Machu Picchu sits high in the Peruvian Andes about 50 miles (80 kilometers) northwest of the former Inca capital of Cusco (see map).
Royal retainers, known as yanacona, may have been brought to the site from as far away as South America's Pacific Coast, the northern highlands, and the area around Lake Titicaca near Peru's border with Bolivia, the study says.
Determining the geographic origins of yanacona may help researchers better understand how the Inca practice of paying tributes with labor helped shape the empire's social classes.
For some people this work was temporary, but for yanacona it meant leaving home and family behind forever, noted lead study author Bethany Turner, an anthropologist at Georgia State University.
Yanacona candidates probably had little room for negotiation, Turner added.
"It was not necessarily forced, but you wouldn't turn it down lightly," she said.
Bustling City
The Inca Empire lasted from roughly 1430 to 1532, when the Spanish reached Peru, Turner said.
The empire stretched from present-day southern Colombia to what is now central Chile, and the Inca largely allowed their subjects to maintain their languages and cultural traditions.
Many scientists believe the city of Machu Picchu, which was occupied starting around 1450, was built on orders from Inca ruler Pachacuti Inca Yupanqui to serve as a government palace and administrative center.
While nobility were not permanent residents at the estate, visitors would probably have seen a city buzzing with the activity of yanacona, Turner said.
Guillermo Cock, an Andean expert based in Lima who was not involved in the new study, said that taking yanacona from diverse regions probably helped Inca rulers break ties of allegiance between villagers and their local authorities.
"The greater the distance, the greater the rupture between the yanacona and their lords and the greater their dependence on their Inca authority," Cock said.
But evidence suggests the yanacona were treated with honor and privileges to help soften the blow and create new loyalties, he said.
For example, the retainers were given gifts such as textiles and agricultural lands, and their bones showed no signs of hard physical labor.
The servants likely performed agricultural work, administrative jobs, served in defense, and generally maintained the site, study author Turner said.
Machu Picchu seems to have been abandoned after the Spanish conquest, and it was apparently ignored by the invaders. Yale archaeologist Hiram Bingham brought Machu Picchu to worldwide attention after local Indians led him to the site in 1911.
During the initial excavations of the site in 1912 and 1913, archaeologists found three cemeteries containing 177 bodies.

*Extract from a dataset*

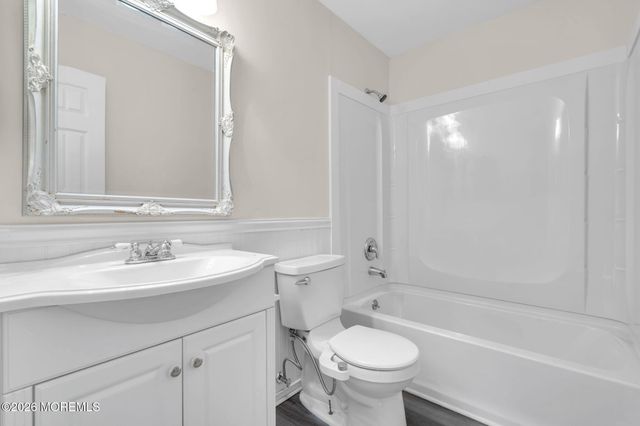64 Barnegat Boulevard S, Barnegat, NJ 08005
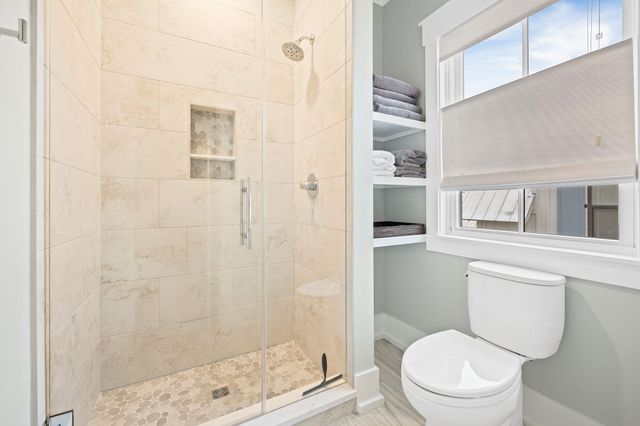 8035 Jack Island Drive, Johns Island, SC 29455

Later analysis of the graves and objects found with the bodies suggests the people buried there were not elite, leading experts to theorize that they were yanacona.
(Related: "Rare Mass Tombs Discovered Near Machu Picchu" [September 15, 2008].)
For the new study, Turner and colleagues looked at ratios of oxygen, strontium, and lead isotopes in the teeth of 74 individuals from those graves.
The team looked for the isotopes in tooth layers that develop when a person is three to four years old.
Comparing those results with analyses of food and water sources near Machu Picchu helped determine whether the people were native to the area or were likely immigrants.
The analysis shows "widely different backgrounds in where [the people] lived and what their diets were," Turner said, although she cautions that her team's study is just an initial attempt at uncovering the yanacona's origins.
She and colleagues will publish their work in an upcoming issue of the Journal of Archaeological Science.
Efficient Labor
Cock, the Andean expert, said that as permanent servants, yanacona were extremely useful to the Inca Empire.
If the Inca needed a labor force, they could just pick from the yanacona instead of requesting new temporary workers from communities under their power.
"The yanacona … gave them direct access to labor, making it a much more efficient system," Cock said.
In fact, the state's success owed a great deal to the yanacona, said Fernando Astete, director of the Machu Picchu Archaeological Park.
"Without the work of yanacona, the Inca state would never have developed," Astete said. "Their work was the foundation of Inca productivity."